1//===-- Disassembler.h ------------------------------------------*- C++ -*-===//
2//
3// Part of the LLVM Project, under the Apache License v2.0 with LLVM Exceptions.
4// See https://llvm.org/LICENSE.txt for license information.
5// SPDX-License-Identifier: Apache-2.0 WITH LLVM-exception
6//
7//===----------------------------------------------------------------------===//
8
9#ifndef LLDB_CORE_DISASSEMBLER_H
10#define LLDB_CORE_DISASSEMBLER_H
11
12#include "lldb/Core/Address.h"
13#include "lldb/Core/EmulateInstruction.h"
14#include "lldb/Core/FormatEntity.h"
15#include "lldb/Core/Opcode.h"
16#include "lldb/Core/PluginInterface.h"
17#include "lldb/Interpreter/OptionValue.h"

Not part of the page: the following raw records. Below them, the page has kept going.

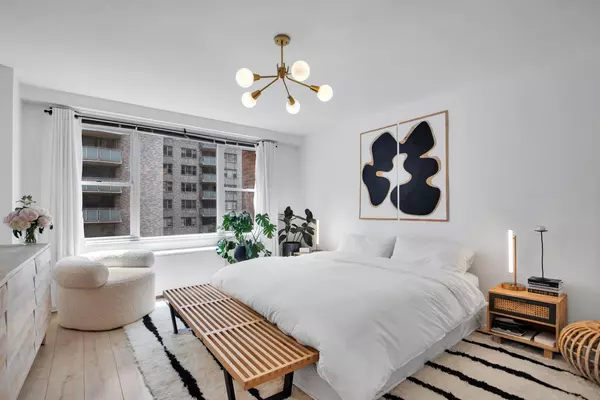 Manhattan, NY 10017,305 E 40TH Street #7O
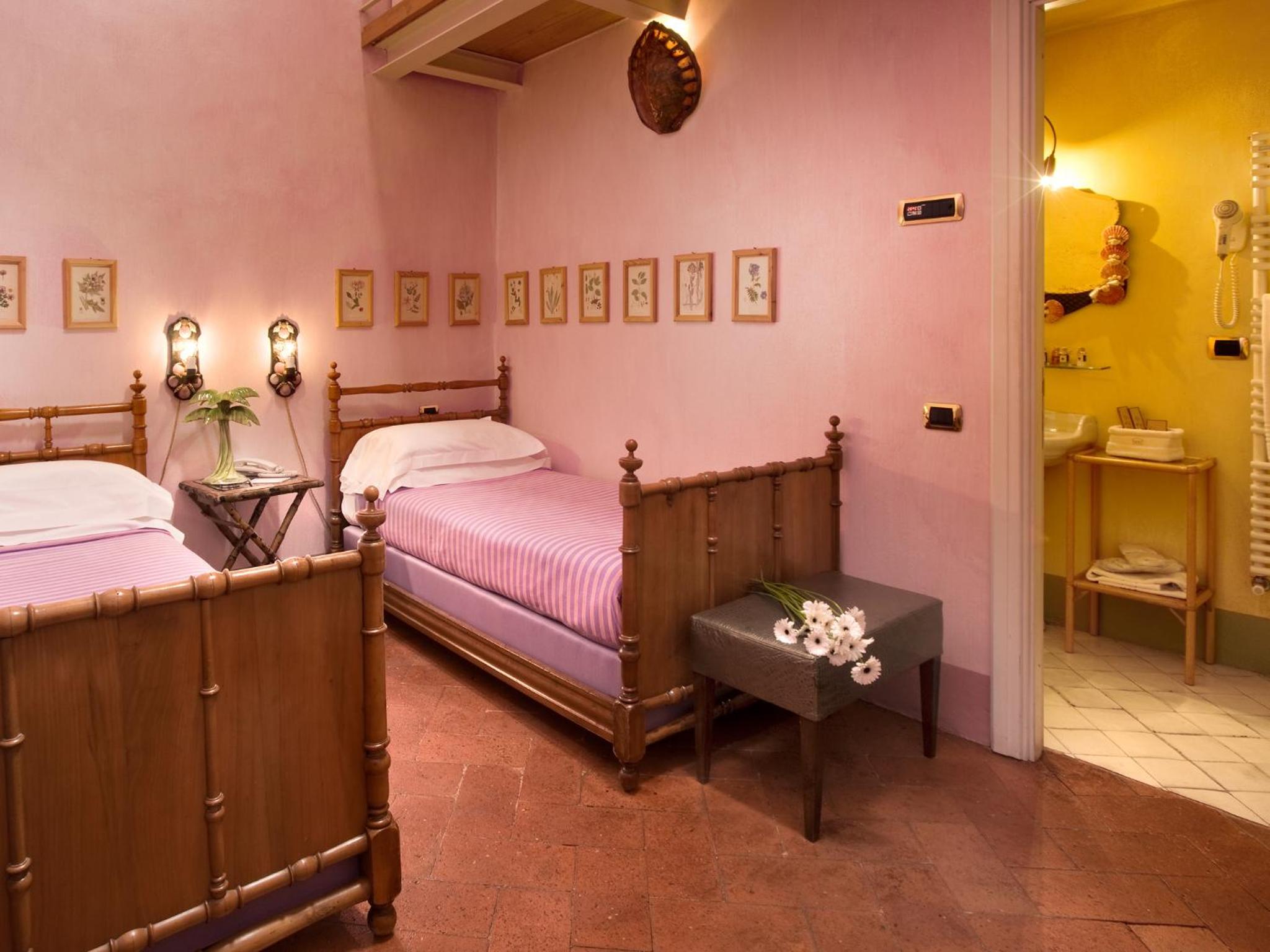 Deluxe Double Room - Photo 6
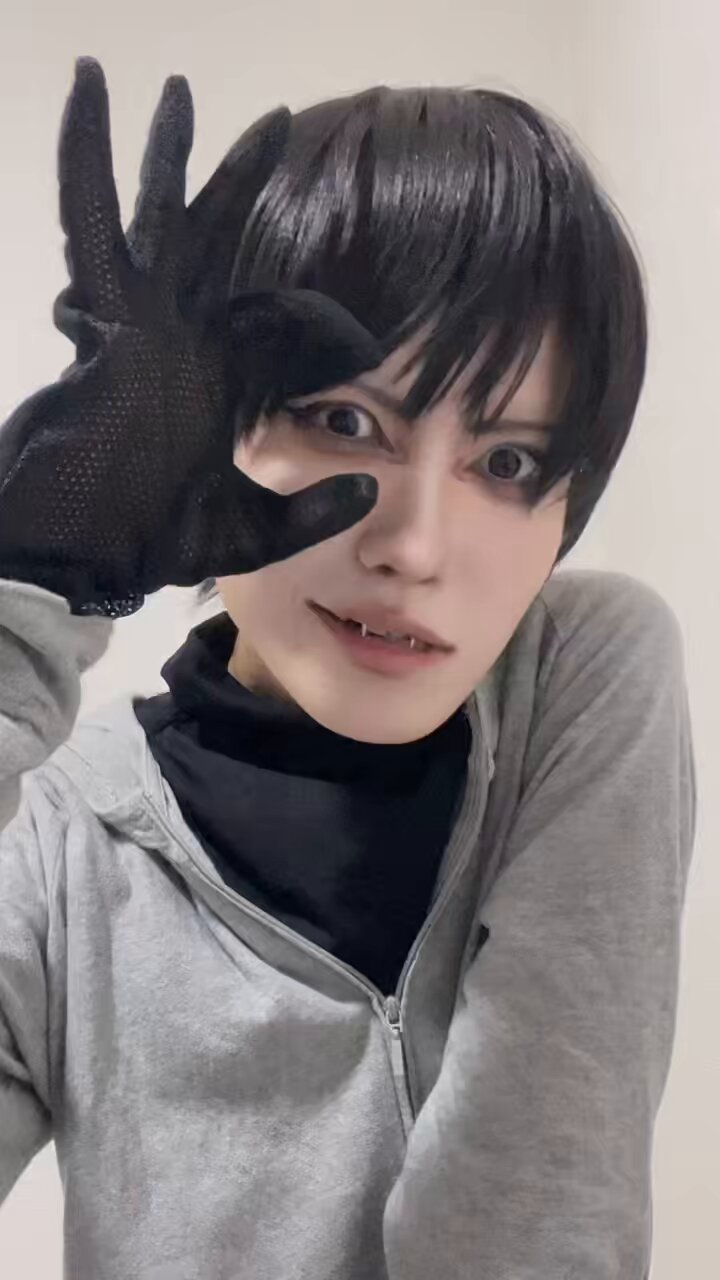 GANTZ 西丈一郎 公式Xガン コスプレ セット 7289069_740.jpg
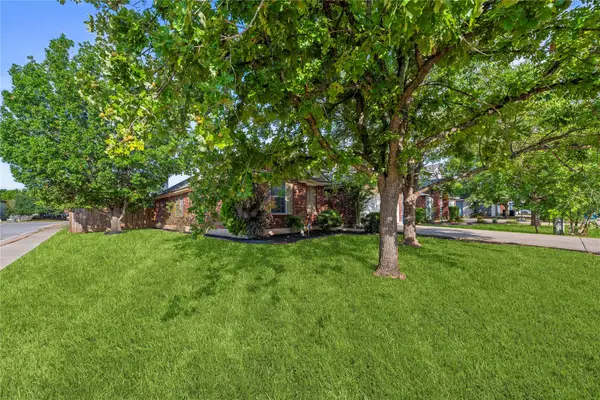 701 Sparkling Brook Ln, Leander, TX 78641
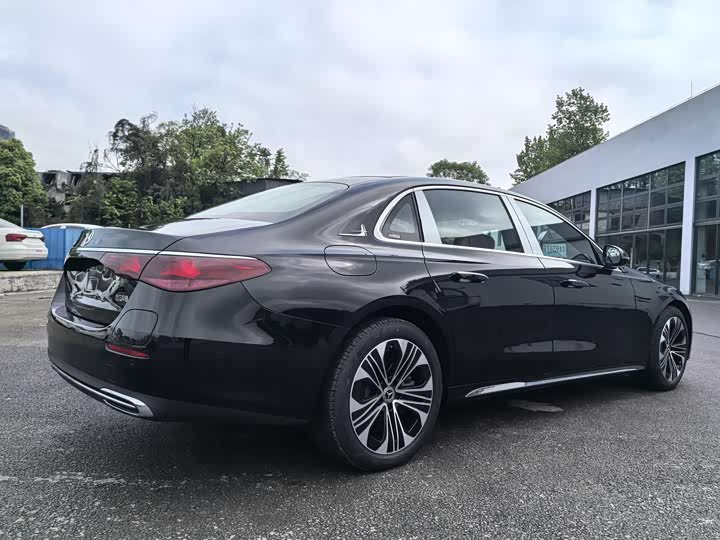 Photo 9 - Mercedes-Benz E-Class Hybrid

18#include "lldb/Symbol/LineEntry.h"
19#include "lldb/Target/ExecutionContext.h"
20#include "lldb/Utility/ArchSpec.h"
21#include "lldb/Utility/ConstString.h"
22#include "lldb/Utility/FileSpec.h"
23#include "lldb/lldb-defines.h"
24#include "lldb/lldb-forward.h"
25#include "lldb/lldb-private-enumerations.h"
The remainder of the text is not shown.